§ Exercise brief:
Filter out all lines without the word "Luxury" from the data below, please, and copy the rest.

§ The data:
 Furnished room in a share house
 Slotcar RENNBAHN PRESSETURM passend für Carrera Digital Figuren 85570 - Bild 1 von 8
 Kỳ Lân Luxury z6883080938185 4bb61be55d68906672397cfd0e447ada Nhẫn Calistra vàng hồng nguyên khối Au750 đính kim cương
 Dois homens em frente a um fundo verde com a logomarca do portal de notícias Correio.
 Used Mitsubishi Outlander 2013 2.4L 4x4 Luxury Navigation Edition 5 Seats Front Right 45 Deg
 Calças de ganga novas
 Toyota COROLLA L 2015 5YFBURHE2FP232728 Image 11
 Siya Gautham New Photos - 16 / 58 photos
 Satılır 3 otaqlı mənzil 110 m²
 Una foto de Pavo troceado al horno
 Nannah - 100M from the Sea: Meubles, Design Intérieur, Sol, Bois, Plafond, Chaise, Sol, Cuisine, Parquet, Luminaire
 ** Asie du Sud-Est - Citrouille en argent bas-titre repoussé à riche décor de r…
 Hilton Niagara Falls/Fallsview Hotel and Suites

§ Answer section:
 Kỳ Lân Luxury z6883080938185 4bb61be55d68906672397cfd0e447ada Nhẫn Calistra vàng hồng nguyên khối Au750 đính kim cương
 Used Mitsubishi Outlander 2013 2.4L 4x4 Luxury Navigation Edition 5 Seats Front Right 45 Deg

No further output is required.